Share via


Why can't we strip the diacritics?

We have some "best-fit" behavior which we generally consider to be "bad".  Any loss of data is generally a bad thing, so we recommend storing data in Unicode (so you don't lose anything).  Assuming you can't use Unicode, why is it so bad to just make everything ASCII-like?  Maybe you have a published house or direct marketing firm that can't handle Unicode, so you'll just get rid of those annoying decorations.

In American English the diacritics are effectively quaint decorations.  Many people naïvely assume that when word auto-corrects naive to naïve that this is just a prettiness factor.  When they resume spell checking their résumé the diacritics become more important.  In English its fair to spell résumé as resume, but it seems cooler to add the accents.  Since we stole (borrowed is more politically correct) the word from French, we have a french-like pronunciation of résumé, and aren't likely to confuse it with resume.

In most other languages diacritics aren't optional.  You wouldn't exchange a z with an s in english just because they look similar.  "A real singer" is a lot different than "a real zinger".

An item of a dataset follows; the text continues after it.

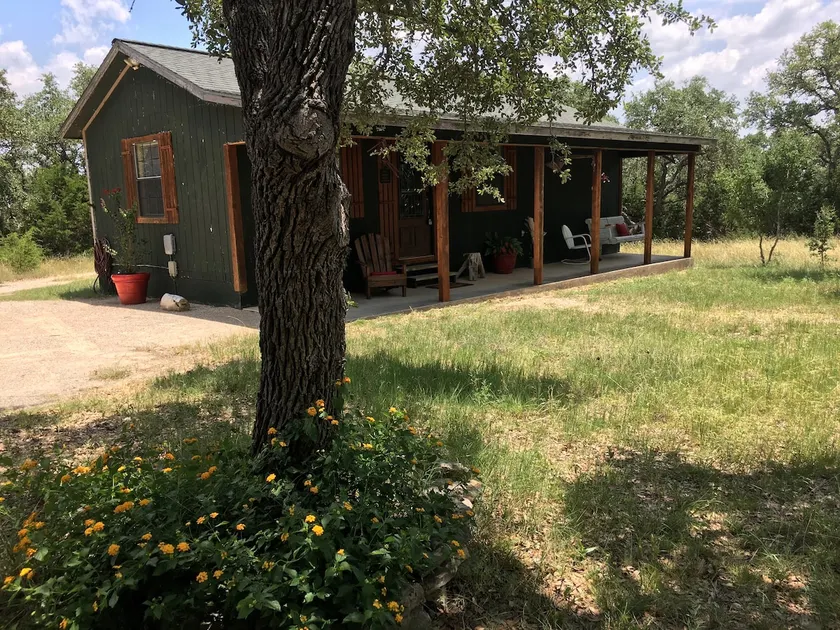 Whippoorwill Retreat – A Texas Hill Country Escape - Image 1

Recently I encountered the the following example, a user wanted to get around those pesky diacritics by mapping to ASCII.

The suggested input was:
    último año de carrera

The desired output was:
    ultimo ano de carrera

My Spanish is nearly non-existent, however word's spell checker tells me these are all legitimate Spanish words, even without the accents.  The meaning goes from something like "the last year of the race" to "I completed the anus of the race."

Now imagine that you're trying to reach a new market and you do that to your customer's names or potential customer's names, how long will they remain your customer?

- Shawn

Comments

  • Anonymous
    June 09, 2007
    The comment has been removed

  • Anonymous
    August 06, 2007
    I'm reading some data from my database  and write those data to a csv file using a StreamWriter. I have diacritics in some of the fields. eg:-Château, Viña when I view the csv file from a notepad it shows diacritics correctly as they are. but when I view the csv file from excel it shows some funny chatecters as, Château, Viña what is the reason for this and how can I overcome this problem?

  • Anonymous
    September 10, 2007
    StreamWriter should be using UTF-8 as the default output (which is good, don't change that).  Notepad recognizes that and shows you the UTF-8 data, but it sounds like excel isn't doing that. I think that changing "File Origin:" in excel to "65001: Unicode (UTF-8)" (They sort alphabetically by encoding name) you'll solve your problem.  Not working for Office I'm not sure, nor do I know if this is the same in all versions.

  • Anonymous
    June 26, 2008
    When I receive E-mail that has the Unicode(UTF-8) at he right heading aI can never downlow it

  • Anonymous
    June 27, 2008
    Bummer, is your email client a Microsoft product? (I could pass along a bug). Email unfortunately is a bit picky about encodings and code pages.  UTF-8 isn't particularly special in this way.  Some phones for example only support certain encodings.   The good news is that the IETF has an  EAI (Email Address Internationalization) working group - http://www.ietf.org/html.charters/eai-charter.html   The EAI is working toward enabling UTF-8 email throught the system, including the local part and body of the email.  It'll take a while for the standard to get implimented, but at least its progress.